Calculate the energy required to cool the water:
q3 = mass × specific heat capacity × temperature change
= 4535.92 g × 4.18 J/g°C × (0 - 100)°C
= -1,898,244.96 J
Now, add up the energies from each step to find the total energy transfer during this phase change:
Total energy transfer = q1 + q2 + q3
= -189,053.76 J + 567,860.2 J + (-1,898,244.96 J)
= -1,519,438.52 J
≈ -1,519.44 kJ
So, the total energy transfer in KJ is -1,519.44 KJ. Note that the negative sign indicates an energy release or loss.
Therefore, it seems that the answer you got, around 12,000 KJ, is incorrect.
To calculate the total energy transfer when water vapor condenses into ice, we need to consider both the heat required to cool the water vapor from 110 degrees Celsius to 0 degrees Celsius and the heat required for the phase change from water vapor to liquid water.
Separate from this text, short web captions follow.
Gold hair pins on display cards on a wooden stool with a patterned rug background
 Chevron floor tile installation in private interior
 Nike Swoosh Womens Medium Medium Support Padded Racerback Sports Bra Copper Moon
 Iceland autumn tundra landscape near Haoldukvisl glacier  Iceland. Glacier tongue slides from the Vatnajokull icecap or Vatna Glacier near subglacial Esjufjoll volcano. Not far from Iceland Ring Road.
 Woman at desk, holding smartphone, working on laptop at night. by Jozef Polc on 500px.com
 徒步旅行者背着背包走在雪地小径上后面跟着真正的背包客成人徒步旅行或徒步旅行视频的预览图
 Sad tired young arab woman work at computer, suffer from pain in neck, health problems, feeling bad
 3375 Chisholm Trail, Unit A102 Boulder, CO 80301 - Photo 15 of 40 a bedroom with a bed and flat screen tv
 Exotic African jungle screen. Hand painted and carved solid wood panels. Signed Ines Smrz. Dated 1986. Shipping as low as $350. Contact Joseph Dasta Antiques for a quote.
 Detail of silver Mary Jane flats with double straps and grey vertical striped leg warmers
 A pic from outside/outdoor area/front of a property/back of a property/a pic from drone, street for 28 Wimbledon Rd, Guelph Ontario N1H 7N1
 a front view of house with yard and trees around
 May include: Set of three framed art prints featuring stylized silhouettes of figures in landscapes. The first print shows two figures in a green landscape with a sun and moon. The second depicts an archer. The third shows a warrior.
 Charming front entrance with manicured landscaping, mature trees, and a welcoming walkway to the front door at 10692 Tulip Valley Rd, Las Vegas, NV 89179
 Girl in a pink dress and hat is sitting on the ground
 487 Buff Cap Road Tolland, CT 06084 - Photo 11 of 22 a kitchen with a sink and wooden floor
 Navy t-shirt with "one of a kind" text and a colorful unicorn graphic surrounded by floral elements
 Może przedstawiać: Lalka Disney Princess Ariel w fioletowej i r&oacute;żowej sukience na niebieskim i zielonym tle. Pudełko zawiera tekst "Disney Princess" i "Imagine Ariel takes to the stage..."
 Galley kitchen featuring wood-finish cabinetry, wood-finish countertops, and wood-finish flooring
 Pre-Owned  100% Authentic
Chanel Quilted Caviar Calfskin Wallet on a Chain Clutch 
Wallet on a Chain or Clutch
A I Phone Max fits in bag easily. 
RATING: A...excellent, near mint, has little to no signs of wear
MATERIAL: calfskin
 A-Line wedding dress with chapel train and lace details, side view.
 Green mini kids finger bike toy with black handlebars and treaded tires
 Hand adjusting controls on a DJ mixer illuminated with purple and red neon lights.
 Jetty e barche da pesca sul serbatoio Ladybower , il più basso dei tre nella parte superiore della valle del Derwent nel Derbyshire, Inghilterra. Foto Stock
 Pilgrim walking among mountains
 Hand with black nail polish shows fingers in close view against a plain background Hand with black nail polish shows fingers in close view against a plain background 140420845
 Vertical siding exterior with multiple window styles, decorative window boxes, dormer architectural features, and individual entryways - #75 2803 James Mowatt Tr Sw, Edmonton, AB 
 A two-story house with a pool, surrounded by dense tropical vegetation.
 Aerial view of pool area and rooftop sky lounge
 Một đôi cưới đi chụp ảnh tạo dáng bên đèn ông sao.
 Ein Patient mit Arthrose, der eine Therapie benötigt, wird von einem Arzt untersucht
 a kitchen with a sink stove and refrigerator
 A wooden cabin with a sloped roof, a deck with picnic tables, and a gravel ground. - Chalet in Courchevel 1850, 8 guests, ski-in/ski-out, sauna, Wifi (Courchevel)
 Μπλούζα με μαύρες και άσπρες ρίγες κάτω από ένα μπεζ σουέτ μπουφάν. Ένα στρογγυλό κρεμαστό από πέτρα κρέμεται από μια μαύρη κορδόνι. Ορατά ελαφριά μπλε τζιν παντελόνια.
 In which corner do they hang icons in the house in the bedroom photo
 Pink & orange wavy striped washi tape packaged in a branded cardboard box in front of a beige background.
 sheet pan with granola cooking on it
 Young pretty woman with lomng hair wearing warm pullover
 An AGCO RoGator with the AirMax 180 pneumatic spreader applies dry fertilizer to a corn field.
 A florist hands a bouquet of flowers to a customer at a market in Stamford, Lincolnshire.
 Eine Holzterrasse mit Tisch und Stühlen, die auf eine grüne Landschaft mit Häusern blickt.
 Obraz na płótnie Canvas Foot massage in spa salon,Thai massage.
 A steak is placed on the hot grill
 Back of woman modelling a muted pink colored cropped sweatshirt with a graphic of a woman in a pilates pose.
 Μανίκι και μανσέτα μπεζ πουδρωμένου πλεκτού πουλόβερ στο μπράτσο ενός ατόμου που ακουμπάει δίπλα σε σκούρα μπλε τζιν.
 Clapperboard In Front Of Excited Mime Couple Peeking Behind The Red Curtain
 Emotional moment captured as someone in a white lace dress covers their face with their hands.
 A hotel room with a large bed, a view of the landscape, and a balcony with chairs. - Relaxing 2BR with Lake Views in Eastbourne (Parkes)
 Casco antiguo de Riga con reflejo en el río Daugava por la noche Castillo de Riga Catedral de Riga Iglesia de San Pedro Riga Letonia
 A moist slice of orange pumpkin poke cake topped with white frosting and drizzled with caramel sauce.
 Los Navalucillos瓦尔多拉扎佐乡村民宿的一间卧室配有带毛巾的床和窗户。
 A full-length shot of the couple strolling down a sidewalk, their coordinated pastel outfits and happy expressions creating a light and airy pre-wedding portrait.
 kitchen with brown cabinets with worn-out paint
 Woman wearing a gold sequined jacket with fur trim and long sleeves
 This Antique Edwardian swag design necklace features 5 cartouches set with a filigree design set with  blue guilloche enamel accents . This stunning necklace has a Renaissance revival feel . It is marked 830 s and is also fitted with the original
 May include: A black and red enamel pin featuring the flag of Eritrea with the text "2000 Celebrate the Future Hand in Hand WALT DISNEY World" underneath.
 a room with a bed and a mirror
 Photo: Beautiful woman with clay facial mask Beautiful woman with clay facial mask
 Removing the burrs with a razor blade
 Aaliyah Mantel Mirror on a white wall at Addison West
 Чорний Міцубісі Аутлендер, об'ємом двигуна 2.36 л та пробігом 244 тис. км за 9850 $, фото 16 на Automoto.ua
Then, we need to consider the heat required to freeze the liquid water into ice at 0 degrees Celsius.
Here's the step-by-step calculation:
1. Calculate the heat required to cool the water vapor from 110°C to 0°C:
- The specific heat capacity of water vapor is 1.996 J/g·°C.
- The initial temperature is 110°C, and the final temperature is 0°C.
- The mass of the water vapor is 10.00 pounds, which is approximately 4535.92 grams.
- The formula to calculate heat is Q = m * c * ΔT, where Q is the heat, m is the mass, c is the specific heat capacity, and ΔT is the change in temperature.
- Plugging in the values, we get Q1 = 4535.92 g * 1.996 J/g·°C * (0°C - 110°C).
2. Calculate the heat required for the phase change from water vapor to liquid water:
- The heat of vaporization of water is 40.7 kJ/mol.
- The molar mass of water is approximately 18.015 g/mol.
- Using a conversion factor, we can calculate the mass of water in moles: n = m / M, where n is the number of moles, m is the mass, and M is the molar mass.
- Plugging in the values, we get n = 4535.92 g / 18.015 g/mol.
- Now, we can calculate the heat using Q = n * ΔHvap, where ΔHvap is the heat of vaporization.
- Plugging in the values, we get Q2 = (4535.92 g / 18.015 g/mol) * 40.7 kJ/mol.
3. Calculate the heat required to freeze the liquid water into ice at 0°C:
- The heat of fusion of water is 6.01 kJ/mol.
- We can use the same mass in moles calculated in step 2 to calculate the heat using Q = n * ΔHfus.
- Plugging in the values, we get Q3 = (4535.92 g / 18.015 g/mol) * 6.01 kJ/mol.
4. Calculate the total energy transfer:
- Add up the three calculated values: Qtotal = Q1 + Q2 + Q3.
Based on your answer of approximately 12,000 KJ, it seems you may have made an error in one or more of the calculations. To verify, it would be helpful to see your work for each calculation.